- _The problem_:
Write out once more the lines running from the top of the entries below to the line with "7 Фотография поврежденного", both ends included.

(Short web captions)
BEGIN
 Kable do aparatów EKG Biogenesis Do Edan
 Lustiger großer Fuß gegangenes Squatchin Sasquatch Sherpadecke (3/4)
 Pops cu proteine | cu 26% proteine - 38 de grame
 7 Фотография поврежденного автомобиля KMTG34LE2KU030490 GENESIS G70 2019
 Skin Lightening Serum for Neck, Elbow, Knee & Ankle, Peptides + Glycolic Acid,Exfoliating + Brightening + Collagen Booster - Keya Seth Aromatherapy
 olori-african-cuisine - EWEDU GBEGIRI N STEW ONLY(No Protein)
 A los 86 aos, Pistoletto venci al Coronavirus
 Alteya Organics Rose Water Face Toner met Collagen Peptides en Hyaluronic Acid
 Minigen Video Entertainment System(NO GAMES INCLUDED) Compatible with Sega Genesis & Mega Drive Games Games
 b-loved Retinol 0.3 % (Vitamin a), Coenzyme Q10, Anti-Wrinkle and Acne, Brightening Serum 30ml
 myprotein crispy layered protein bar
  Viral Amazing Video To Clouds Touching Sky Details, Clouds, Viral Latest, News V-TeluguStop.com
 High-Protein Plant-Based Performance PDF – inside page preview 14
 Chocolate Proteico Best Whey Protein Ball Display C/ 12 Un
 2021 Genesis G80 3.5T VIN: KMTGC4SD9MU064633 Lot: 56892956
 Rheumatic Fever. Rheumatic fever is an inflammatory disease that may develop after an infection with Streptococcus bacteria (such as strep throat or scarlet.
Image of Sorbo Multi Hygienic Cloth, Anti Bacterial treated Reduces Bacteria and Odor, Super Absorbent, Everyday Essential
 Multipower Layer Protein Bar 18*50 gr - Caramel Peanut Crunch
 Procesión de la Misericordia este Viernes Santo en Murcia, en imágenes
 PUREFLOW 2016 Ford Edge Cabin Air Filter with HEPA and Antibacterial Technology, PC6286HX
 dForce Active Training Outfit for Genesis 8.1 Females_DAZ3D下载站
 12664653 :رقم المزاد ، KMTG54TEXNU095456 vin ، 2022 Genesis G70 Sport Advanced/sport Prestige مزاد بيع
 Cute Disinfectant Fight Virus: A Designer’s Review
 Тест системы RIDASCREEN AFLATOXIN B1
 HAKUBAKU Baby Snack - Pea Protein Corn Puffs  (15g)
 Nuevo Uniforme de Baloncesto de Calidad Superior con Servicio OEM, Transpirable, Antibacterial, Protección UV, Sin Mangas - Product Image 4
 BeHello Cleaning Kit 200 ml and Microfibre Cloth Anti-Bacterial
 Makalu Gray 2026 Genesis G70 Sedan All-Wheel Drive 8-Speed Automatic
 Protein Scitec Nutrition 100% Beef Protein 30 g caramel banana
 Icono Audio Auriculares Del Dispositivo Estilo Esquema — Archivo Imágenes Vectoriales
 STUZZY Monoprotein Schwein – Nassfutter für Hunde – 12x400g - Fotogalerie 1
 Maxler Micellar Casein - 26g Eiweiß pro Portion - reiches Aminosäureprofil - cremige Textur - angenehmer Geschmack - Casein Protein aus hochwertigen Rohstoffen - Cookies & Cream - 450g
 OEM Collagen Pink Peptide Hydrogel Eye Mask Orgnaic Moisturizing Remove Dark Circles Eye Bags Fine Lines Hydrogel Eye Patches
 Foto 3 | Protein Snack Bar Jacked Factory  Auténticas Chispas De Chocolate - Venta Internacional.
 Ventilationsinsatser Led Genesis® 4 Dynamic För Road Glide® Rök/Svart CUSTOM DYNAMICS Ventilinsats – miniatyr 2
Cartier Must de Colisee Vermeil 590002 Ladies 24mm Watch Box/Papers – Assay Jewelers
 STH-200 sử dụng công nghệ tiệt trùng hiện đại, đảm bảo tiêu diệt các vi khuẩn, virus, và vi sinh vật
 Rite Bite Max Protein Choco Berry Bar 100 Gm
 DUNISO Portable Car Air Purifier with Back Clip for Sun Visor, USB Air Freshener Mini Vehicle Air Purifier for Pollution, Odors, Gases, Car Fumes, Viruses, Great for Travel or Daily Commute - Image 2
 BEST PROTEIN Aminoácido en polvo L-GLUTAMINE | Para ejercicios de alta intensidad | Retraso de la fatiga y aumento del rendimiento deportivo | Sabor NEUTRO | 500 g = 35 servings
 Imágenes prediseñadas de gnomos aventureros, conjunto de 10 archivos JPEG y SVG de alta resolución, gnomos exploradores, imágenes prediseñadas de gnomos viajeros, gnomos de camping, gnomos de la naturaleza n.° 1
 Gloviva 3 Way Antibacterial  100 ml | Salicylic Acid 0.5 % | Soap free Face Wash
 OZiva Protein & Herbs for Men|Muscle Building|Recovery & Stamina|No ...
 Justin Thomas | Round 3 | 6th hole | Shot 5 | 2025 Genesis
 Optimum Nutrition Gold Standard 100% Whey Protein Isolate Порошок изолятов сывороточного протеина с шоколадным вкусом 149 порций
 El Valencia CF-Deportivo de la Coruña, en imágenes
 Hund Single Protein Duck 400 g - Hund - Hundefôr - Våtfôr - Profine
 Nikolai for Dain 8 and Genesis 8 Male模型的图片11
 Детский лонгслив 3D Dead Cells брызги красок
END
- _Answer_:
 Kable do aparatów EKG Biogenesis Do Edan
 Lustiger großer Fuß gegangenes Squatchin Sasquatch Sherpadecke (3/4)
 Pops cu proteine | cu 26% proteine - 38 de grame
 7 Фотография поврежденного автомобиля KMTG34LE2KU030490 GENESIS G70 2019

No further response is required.